NumPy의 arrays() 메서드로 파이썬에서 백터 표현

odd_vector = np.array([1, 3, 5, 7, 9])

What is a Word Embedding?

vector representations of a word
English word embedding model
nlp = spacy.load('en')
nlp('love').vector
- nlp라는 변수에 spacy 모델 로드하는게 관례
- 단어의 벡터 representation 얻기위해 .vector적용하기

단어를 밀집 벡터(dense vector)의 형태로 표현하는 방법을 워드 임베딩(word embedding).
임베딩 벡터(embedding vector) : 이 밀집 벡터를 워드 임베딩 과정을 통해 나온 결과

Distance

3 distance between vectors

Manhattan distance = city block distance
: sum of the differences across each individual dimension of the vectors
Euclidean distance = straight line distance : the square root of the sum of the squares of the differences in each dimension
cosine distance : angle between two vectors

functions from SciPy 로 이런 백터 구하기 가능

from scipy.spatial.distance import cityblock, euclidean, cosine

vector_a = np.array([1,2,3])
vector_b = np.array([2,4,6])

# Manhattan distance:
manhattan_d = cityblock(vector_a,vector_b) # 6

# Euclidean distance:
euclidean_d = euclidean(vector_a,vector_b) # 3.74

# Cosine distance:
cosine_d = cosine(vector_a,vector_b) # 0.0

Word Embeddings Are All About Distance

백터값 자체는 의미가 없음. 이게 서로 얼마나 유사한지 등이 중요함.
gain value in word embeddings from comparing the different word vectors and seeing how similar or different they are

Word2vec

statistical learning algorithm that develops word embeddings from a corpus of text
단어 간 유사도를 반영할 수 있도록 단어의 의미를 벡터화 할 수 있는 방법

Word2Vec에는 CBOW(Continuous Bag of Words)와 Skip-Gram 두 가지 방식 있음

CBOW(Continuous Bag of Words) : 주변에 있는 단어들을 가지고, 중간에 있는 단어들을 예측하는 방법
Skip-Gram : 중간에 있는 단어로 주변 단어들을 예측하는 방법

CBOW

한 문장에서 빈 단어 예측하기. 예측해야하는 단어 = center word, 예측에 사용하는 주변단어 = context word
중심 단어를 예측하기 위해서 앞, 뒤로 몇 개의 단어를 볼지를 결정했다면 이 범위를 윈도우(window)
윈도우를 계속 움직여서 주변 단어와 중심 단어 선택을 바꿔가며 학습을 위한 데이터 셋을 만들 수 있는데, 이 방법을 슬라이딩 윈도우(sliding window)

Skip-Gram

중심 단어에서 주변 단어를 예측

Gensim

파이썬의 gensim 패키지에는 Word2Vec을 지원
With gensim, however, we are able to build our own word embeddings on any corpus of text we like
train a word2vec model on our own corpus of text
model = gensim.models.Word2Vec(corpus, size=100, window=5, min_count=1, workers=2, sg=1)
- size : how many dimensions our word embeddings will include.
To view the entire vocabulary used to train the word embedding model

vocabulary_of_model = list(model.wv.vocab.items())

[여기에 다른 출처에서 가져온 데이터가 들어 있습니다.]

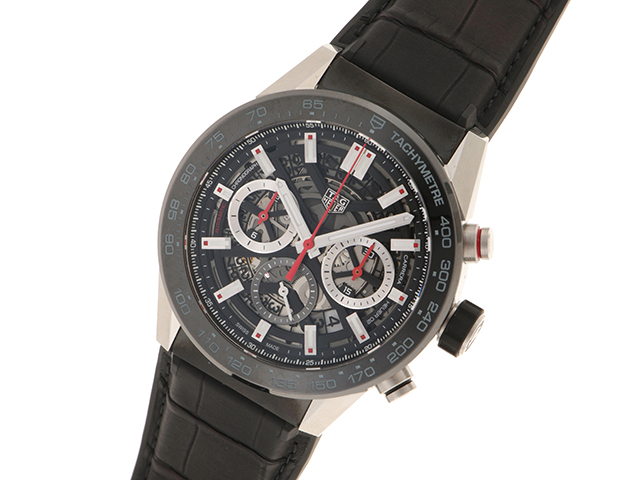 TAG HEUER タグ・ホイヤー 腕時計 カレラ ホイヤー02 CBG2A10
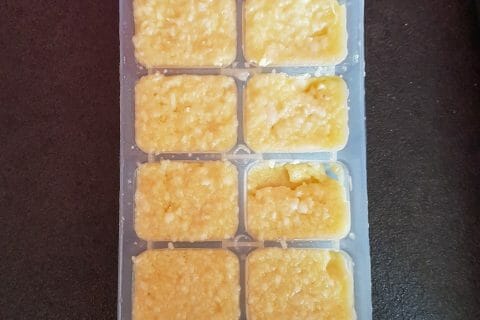 Cliquez pour zoomer ! Pâte d’ail au Thermomix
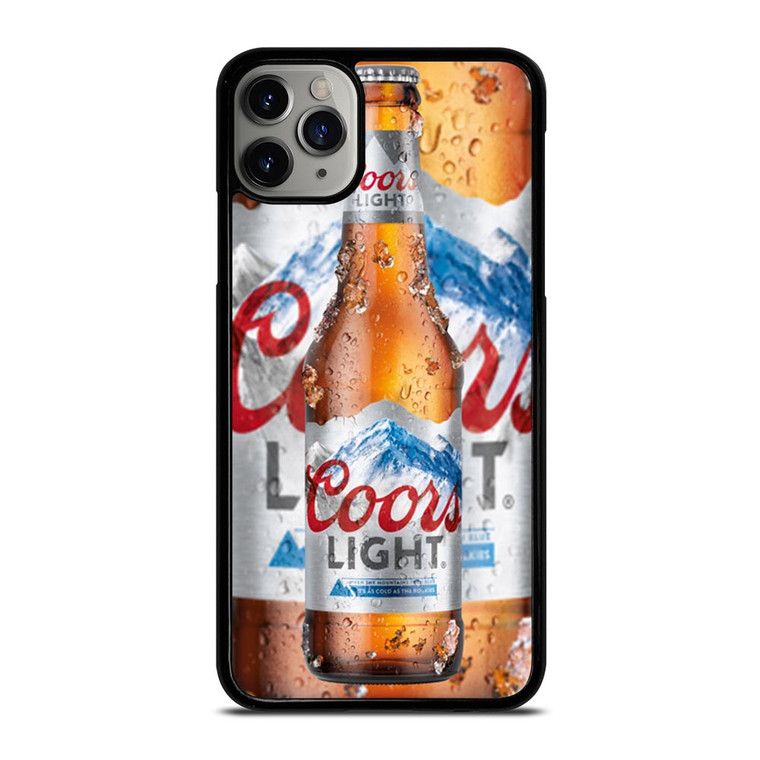COORS LIGHT BEER BOTTLE iPhone 11 Pro Max Case
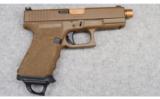 Glock 19 Gen. 4 with Surefire Barrel, 9mm - 1 of 2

To easily find which vectors gensim placed close together in its word embedding model

model.most_similar("my_word_here", topn=100)
which term is furthest from the others

model.doesnt_match(["asia", "mars", "pluto"])

example

import gensim
from nltk.corpus import stopwords
from romeo_juliet import romeo_and_juliet

# load stop words
stop_words = stopwords.words('english')

# preprocess text
romeo_and_juliet_processed = [[word for word in romeo_and_juliet.lower().split() if word not in stop_words]]

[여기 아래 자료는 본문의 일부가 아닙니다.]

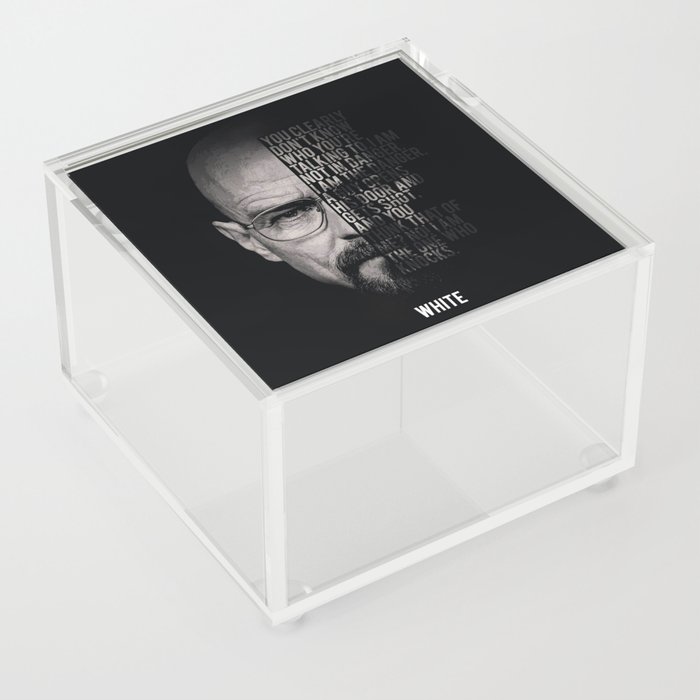 heisenberg 29 Acrylic Box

# view inner list of romeo_and_juliet_processed
print(romeo_and_juliet_processed[0][:20])

# train word embeddings model
model = gensim.models.Word2Vec(romeo_and_juliet_processed , size=100, window=5, min_count=1, workers=2, sg=1)

# view vocabulary
vocabulary = list(model.wv.vocab.items())
print(vocabulary)


# similar to romeo
similar_to_romeo= model.most_similar("romeo", topn=20)
print(similar_to_romeo)

# one is not like the others
not_star_crossed_lover = model.doesnt_match(["romeo", "juliet", "mercutio"])
print(not_star_crossed_lover)

Review

Vectors : containers of information,
can have anywhere from 1-dimension to thousands of dimensions
Word embeddings : are vector representations of a word, where words with similar contexts are represented with vectors that are closer together
spaCy is a package to view and use pre-trained word embedding models
The distance between vectors can be calculated in many ways, and the best way for measuring the distance between higher dimensional vectors is cosine distance
Word2Vec is a shallow neural network model that can build word embeddings using either continuous bag-of-words or continuous skip-grams
Gensim is a package that allows us to create and train word embedding models using any corpus of text

import spacy
from scipy.spatial.distance import cosine

# load word embedding model
nlp = spacy.load('en')

# define word embedding vectors
sponge_vec = nlp("sponge").vector
starfish_vec = nlp("starfish").vector
squid_vec = nlp("squid").vector



# compare vectors with cosine distance

dist_sponge_star = cosine(sponge_vec,starfish_vec)
dist_sponge_squid = cosine(sponge_vec,squid_vec)
dist_star_squid = cosine(starfish_vec,squid_vec)

print(dist_sponge_star,
dist_sponge_squid,
dist_star_squid)